**ABOUT THIS TASK:**
Restate the records word for word. Include no pictures.

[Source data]
▬▬▬▬▬▬▬▬▬▬

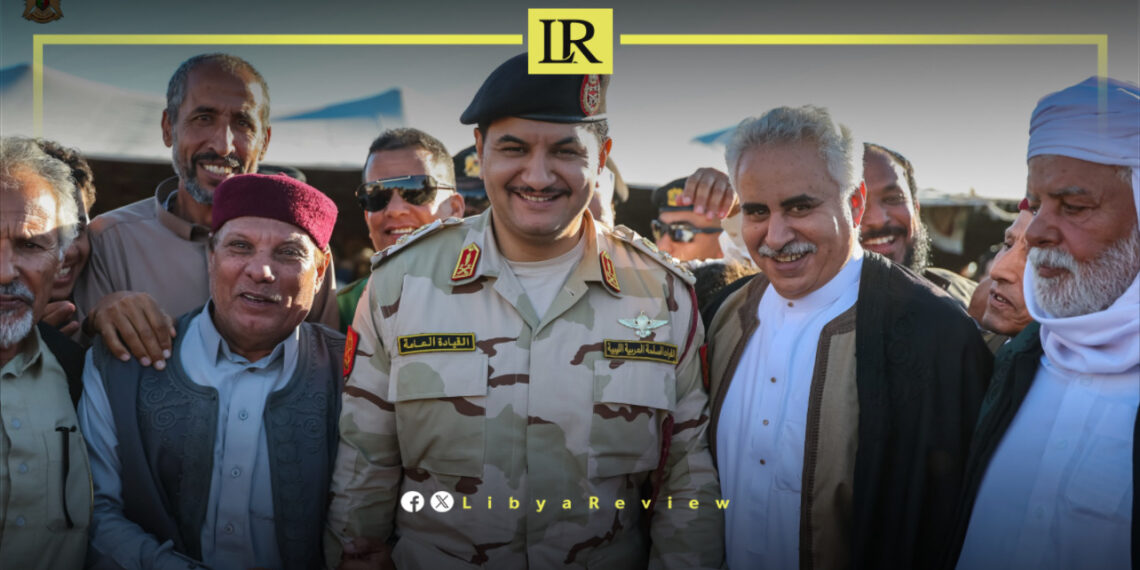 Libyan Army Deputy Commander Saddam Haftar Reviews Services & Infrastructure Developments in “Emsaed”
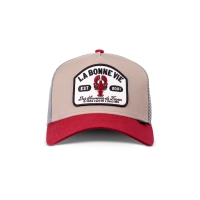 trucker cap la bonne vie khaki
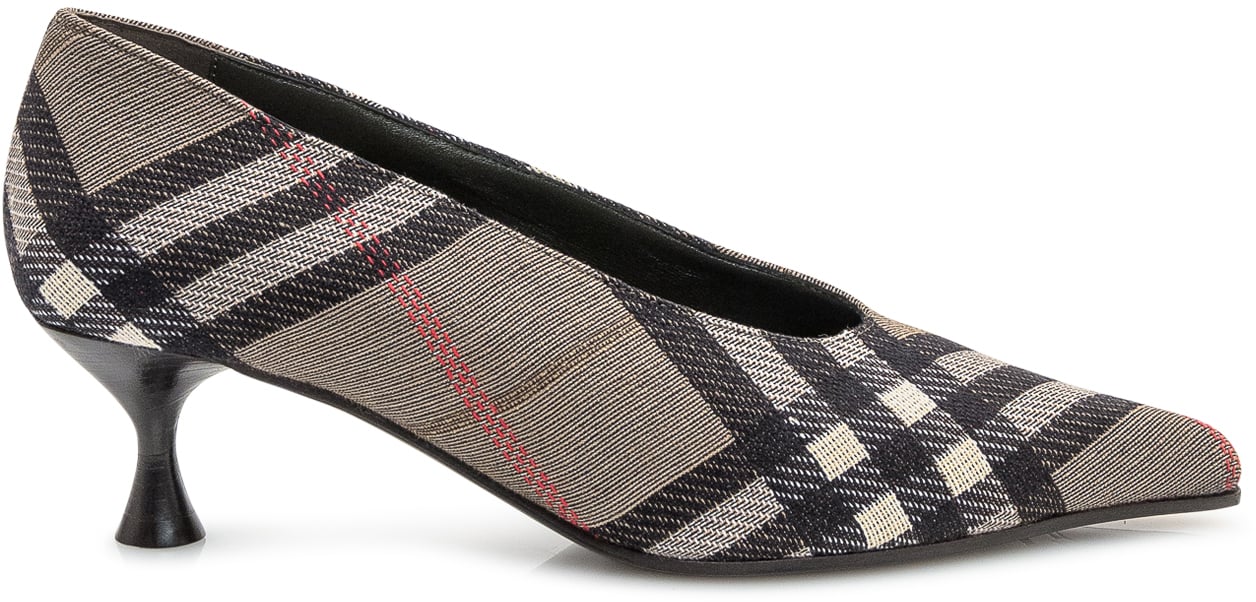 Burberry Burberry Décolleté Cameo Check con Tacco Medio Divers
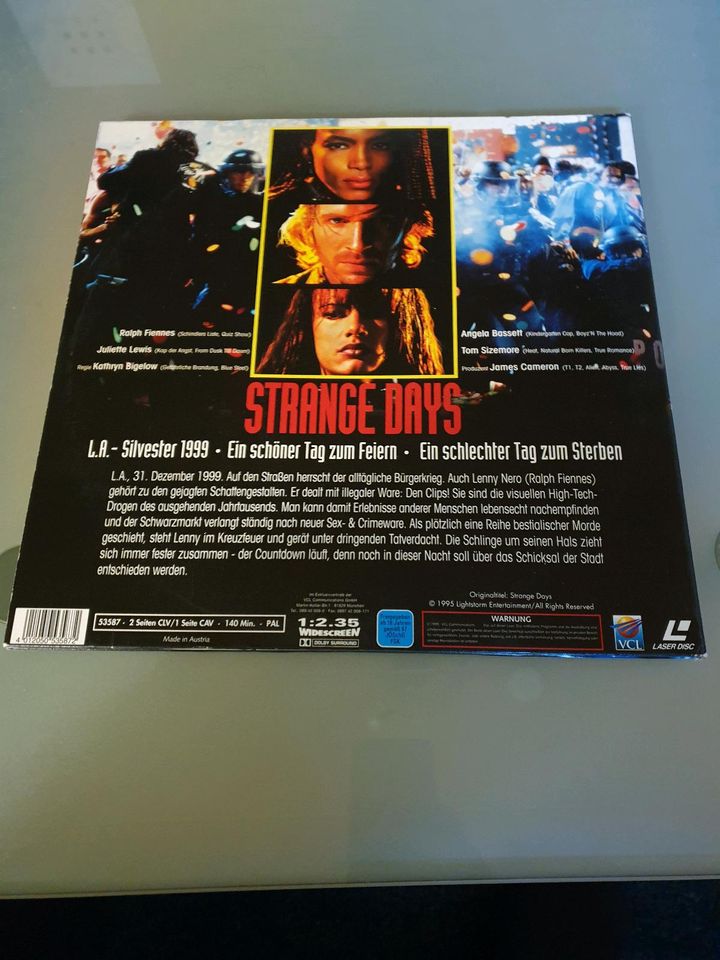 Strange Days Laserdisc in Oftersheim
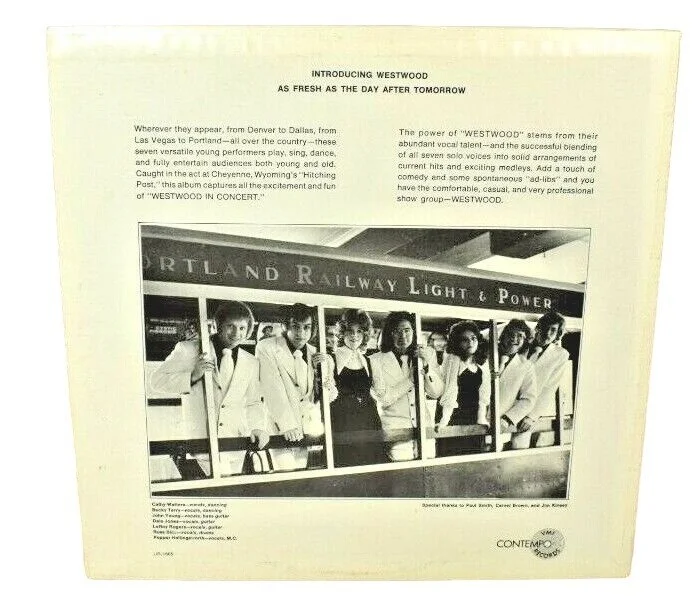 Vintage Westwood In Concert! Vinyl Contempo Records Autograph Signed Copy Album, изображение 2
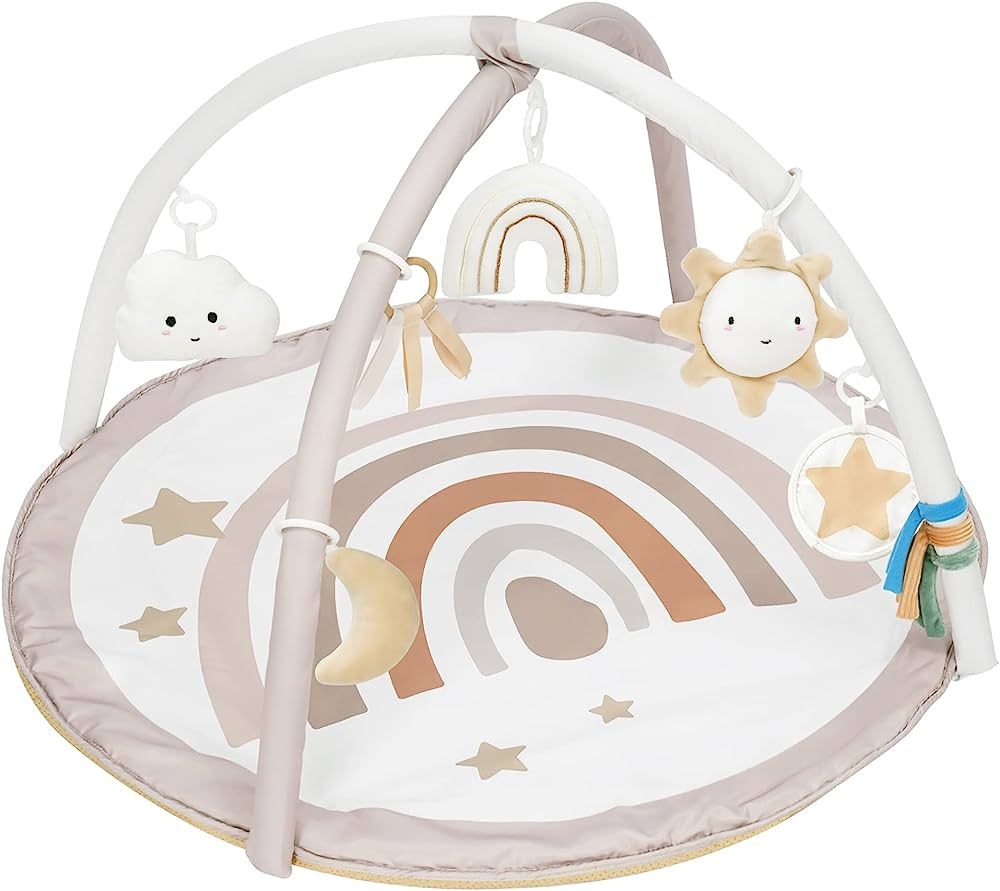 little dove Baby Gym and Infant Play Mat Rainbow Design for Newborn Stage-Based Developmental Act... | Amazon (US)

▬▬▬▬▬▬▬▬▬▬

**COMPLETED EXERCISE:**
 Libyan Army Deputy Commander Saddam Haftar Reviews Services & Infrastructure Developments in “Emsaed”
 trucker cap la bonne vie khaki
 Burberry Burberry Décolleté Cameo Check con Tacco Medio Divers
 Strange Days Laserdisc in Oftersheim
 Vintage Westwood In Concert! Vinyl Contempo Records Autograph Signed Copy Album, изображение 2
 little dove Baby Gym and Infant Play Mat Rainbow Design for Newborn Stage-Based Developmental Act... | Amazon (US)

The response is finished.